Dokuzuncusu: Bu bölgedeki insanlar, tarihten gelen korku ve baskıcı otoriter rejimlerin önündeki bariyerleri yıkmış olsalar da zamanı geriye alma imkânına sahip değildir. Bu rejimler, çağdaş dünyamızdaki tek istisna özelliğini taşırken, güçsüz bedenleri için temin ettikleri şırınga insanların özgürlük ve erdem için duydukları arzuyu yok edemeyecektir. Bu arzu, nihayetinde, kendi kaderlerini kendi özgür iradeleri ile belirleyecekleri anlamına gelmektedir ki bu da uygulamada İslamcıların er ya da geç sahneye çıkabilmek için ciddi fırsatlar yakalayacağı anlamına gelmektedir.
Onuncusu: İslamcılar melek değildirler, mutlak yanlış ya da doğru olamazlar. Hata yaparlar ve öğrenirler. İslamcılar, on yıllardır devlet yönetimi ve kurumlarından uzak tutulmuşlar ve ötekileştirmeye maruz kalmışlardır. Bu yüzden, devlet kurumlarındaki çalışma mekanizmasını öğrenirken bir geçiş süreci yaşamakta ve bu kurumlarda var olma adına yetkinlikleri ve tecrübeleri doğrultusunda haklarını yeniden kazanmaktadırlar.
Geçmiş tecrübeler, belki de, İslamcıların çok sayıda adım atması gerektiğini ortaya koymuştur. Bu adımlar şöyledir:
- Toplumun farklı kesimlerine karşı daha açık ol ve programlarını anlatırken daha net ol
- Dinî azınlıklara projen hakkında güvence ve ulusal eylemlerde gerçek bir ortaklık yolu aç
- Bütün kapasiteleri ve yeterlilikleri uygun hale getirme yollarını ara
- İttifak çemberini genişlet ki ülkedeki devrimi ve demokratik süreci muhafaza edebilmek için belirgin bir ulusal güvenlik sağla.
- Eski rejimin “derin devlet kurumları“ ile etkin bir biçimde başa çıkmak için uygun mekanizmalar oluştur
- Bölgesel ve uluslararası çevrelerle problem yaşamamak için daha etkin ve dengeli ol.

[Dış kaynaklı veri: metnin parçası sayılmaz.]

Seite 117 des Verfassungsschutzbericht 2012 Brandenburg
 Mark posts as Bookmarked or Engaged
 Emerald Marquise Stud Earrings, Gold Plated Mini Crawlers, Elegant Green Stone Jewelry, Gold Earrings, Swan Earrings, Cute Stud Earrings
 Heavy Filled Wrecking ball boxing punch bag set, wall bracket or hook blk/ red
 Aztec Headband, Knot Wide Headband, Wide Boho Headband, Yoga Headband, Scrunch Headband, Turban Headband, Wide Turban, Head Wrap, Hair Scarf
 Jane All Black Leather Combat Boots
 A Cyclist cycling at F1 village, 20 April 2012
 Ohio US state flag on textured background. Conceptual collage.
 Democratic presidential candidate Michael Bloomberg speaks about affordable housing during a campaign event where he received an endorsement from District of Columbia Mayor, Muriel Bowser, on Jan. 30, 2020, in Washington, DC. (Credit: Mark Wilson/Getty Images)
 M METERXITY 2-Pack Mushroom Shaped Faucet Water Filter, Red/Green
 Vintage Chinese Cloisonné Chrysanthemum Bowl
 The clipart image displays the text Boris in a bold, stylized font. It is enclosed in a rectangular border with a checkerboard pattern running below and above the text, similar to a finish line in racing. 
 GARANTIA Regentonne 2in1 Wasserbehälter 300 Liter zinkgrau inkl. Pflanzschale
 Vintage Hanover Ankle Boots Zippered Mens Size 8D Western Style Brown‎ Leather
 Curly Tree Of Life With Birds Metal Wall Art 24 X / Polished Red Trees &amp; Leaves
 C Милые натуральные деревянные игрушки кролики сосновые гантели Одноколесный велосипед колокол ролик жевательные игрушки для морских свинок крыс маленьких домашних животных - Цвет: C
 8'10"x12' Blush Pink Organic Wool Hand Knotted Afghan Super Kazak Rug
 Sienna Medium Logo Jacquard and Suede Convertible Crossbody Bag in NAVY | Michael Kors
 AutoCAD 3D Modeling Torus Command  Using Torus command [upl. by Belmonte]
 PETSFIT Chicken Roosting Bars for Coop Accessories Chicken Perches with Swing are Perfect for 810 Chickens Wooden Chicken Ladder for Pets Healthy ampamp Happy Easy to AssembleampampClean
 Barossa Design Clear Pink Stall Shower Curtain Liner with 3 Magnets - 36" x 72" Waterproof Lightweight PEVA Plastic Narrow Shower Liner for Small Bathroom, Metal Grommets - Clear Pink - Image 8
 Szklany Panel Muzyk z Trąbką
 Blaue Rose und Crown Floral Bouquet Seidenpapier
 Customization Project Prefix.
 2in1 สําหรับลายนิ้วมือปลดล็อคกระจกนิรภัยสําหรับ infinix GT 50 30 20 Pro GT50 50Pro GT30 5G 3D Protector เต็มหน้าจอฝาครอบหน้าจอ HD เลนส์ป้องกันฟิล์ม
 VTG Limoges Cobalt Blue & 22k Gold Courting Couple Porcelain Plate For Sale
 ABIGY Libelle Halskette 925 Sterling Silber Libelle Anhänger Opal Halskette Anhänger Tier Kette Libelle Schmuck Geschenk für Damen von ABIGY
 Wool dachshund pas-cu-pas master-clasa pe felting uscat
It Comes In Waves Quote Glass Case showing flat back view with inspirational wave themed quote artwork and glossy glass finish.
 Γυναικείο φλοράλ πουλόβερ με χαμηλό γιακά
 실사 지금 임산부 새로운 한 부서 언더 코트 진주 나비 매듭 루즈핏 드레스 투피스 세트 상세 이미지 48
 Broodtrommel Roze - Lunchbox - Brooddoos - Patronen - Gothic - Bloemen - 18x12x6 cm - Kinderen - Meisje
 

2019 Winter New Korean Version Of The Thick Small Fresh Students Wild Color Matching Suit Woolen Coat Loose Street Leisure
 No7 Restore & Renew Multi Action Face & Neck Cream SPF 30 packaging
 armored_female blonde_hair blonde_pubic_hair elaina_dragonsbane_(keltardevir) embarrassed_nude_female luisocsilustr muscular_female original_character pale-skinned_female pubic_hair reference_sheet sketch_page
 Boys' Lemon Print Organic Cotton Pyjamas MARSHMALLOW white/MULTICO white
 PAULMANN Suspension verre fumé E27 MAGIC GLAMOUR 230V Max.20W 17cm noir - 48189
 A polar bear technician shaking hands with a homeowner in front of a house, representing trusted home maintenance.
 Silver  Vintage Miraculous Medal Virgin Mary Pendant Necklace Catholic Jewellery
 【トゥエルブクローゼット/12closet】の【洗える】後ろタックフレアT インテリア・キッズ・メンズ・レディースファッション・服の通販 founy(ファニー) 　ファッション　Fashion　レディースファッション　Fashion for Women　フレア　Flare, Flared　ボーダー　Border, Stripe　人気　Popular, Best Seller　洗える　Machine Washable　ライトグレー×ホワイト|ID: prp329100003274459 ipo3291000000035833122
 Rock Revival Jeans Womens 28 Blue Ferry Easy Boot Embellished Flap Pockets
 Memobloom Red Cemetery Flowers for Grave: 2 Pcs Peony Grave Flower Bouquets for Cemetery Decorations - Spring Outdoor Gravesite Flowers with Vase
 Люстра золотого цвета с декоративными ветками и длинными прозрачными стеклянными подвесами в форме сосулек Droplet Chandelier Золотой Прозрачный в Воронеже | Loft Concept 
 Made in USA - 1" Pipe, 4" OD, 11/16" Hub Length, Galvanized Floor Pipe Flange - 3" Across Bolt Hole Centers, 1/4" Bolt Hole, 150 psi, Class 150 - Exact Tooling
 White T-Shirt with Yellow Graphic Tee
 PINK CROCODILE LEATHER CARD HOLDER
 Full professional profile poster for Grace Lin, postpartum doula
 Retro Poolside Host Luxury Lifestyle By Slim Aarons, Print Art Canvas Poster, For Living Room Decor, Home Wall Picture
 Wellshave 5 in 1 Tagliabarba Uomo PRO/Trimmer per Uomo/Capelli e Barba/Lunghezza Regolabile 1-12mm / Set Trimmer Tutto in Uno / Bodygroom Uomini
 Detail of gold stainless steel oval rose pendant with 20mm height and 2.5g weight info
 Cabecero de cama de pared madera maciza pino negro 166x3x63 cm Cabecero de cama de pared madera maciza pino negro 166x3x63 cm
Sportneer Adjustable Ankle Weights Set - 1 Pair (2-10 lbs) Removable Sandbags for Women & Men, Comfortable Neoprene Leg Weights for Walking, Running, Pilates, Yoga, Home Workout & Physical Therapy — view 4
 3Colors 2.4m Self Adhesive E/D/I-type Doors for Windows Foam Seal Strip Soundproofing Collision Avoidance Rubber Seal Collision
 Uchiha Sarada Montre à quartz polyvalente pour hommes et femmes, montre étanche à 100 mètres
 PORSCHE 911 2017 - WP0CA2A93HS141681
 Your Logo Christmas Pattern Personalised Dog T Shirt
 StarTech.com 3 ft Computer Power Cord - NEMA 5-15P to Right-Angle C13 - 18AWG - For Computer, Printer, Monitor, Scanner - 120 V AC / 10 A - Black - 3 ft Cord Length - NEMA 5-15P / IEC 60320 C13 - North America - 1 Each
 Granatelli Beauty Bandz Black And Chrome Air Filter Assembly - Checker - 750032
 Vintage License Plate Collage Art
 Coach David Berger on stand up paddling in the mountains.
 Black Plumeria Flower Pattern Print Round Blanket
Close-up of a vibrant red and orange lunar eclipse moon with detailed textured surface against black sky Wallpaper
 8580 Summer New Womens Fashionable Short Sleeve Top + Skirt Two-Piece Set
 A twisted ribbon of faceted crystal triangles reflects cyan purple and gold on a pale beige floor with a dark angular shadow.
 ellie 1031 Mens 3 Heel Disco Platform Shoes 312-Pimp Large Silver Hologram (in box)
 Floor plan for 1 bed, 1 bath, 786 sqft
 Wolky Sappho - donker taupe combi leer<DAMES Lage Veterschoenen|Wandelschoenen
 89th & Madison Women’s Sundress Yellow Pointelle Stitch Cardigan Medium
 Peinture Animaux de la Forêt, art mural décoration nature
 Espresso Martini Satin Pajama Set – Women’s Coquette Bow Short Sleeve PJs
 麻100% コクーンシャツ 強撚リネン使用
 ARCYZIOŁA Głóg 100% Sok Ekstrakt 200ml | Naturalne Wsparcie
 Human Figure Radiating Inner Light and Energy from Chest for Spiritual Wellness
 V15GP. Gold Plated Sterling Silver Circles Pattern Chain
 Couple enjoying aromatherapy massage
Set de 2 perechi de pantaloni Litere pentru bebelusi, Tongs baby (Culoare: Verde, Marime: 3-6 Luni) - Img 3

Darbe İslamcılar için zor bir ders olmakla birlikte dostları ve düşmanlarının planlarını aşikâr biçimde öğrenmeleri açısından paha biçilmez bir değer taşımaktadır. Bu sayede dostları ve düşmanlarının hem zayıf noktalarını hem de sınırlarını öğrenmişlerdir. Belki de bu durum İslamcıların içindeki gücün en iyi biçimde ortaya çıkması ve toplum ile devleti yönetim düzeyindeki yükseliş konusunda bir motivasyon kaynağı olmuştur. İslamcılar, ayrıca, İsrail’in Filistin’i işgali sorunu ve yıkıcı yabancı gündemler karşısında Bölge’nin ve ulusal çıkarların korunması konusundaki görüşmeleri artırmalıdır. Burada, belki de, Allah’ın Yüce Kur’an’da buyurduğu: “…onun sizin için kötü olduğunu düşünmeyin; aksine sizin için iyi ( bir ders )tir“ sözü uygulanabilir.
Bu yüzden, muhtemelen Mısır’da İslamcıları yıkan bu beklenmedik sonuçlar onlar için yalnızca “ilerleme yolunda bir adım geri gitmektir“.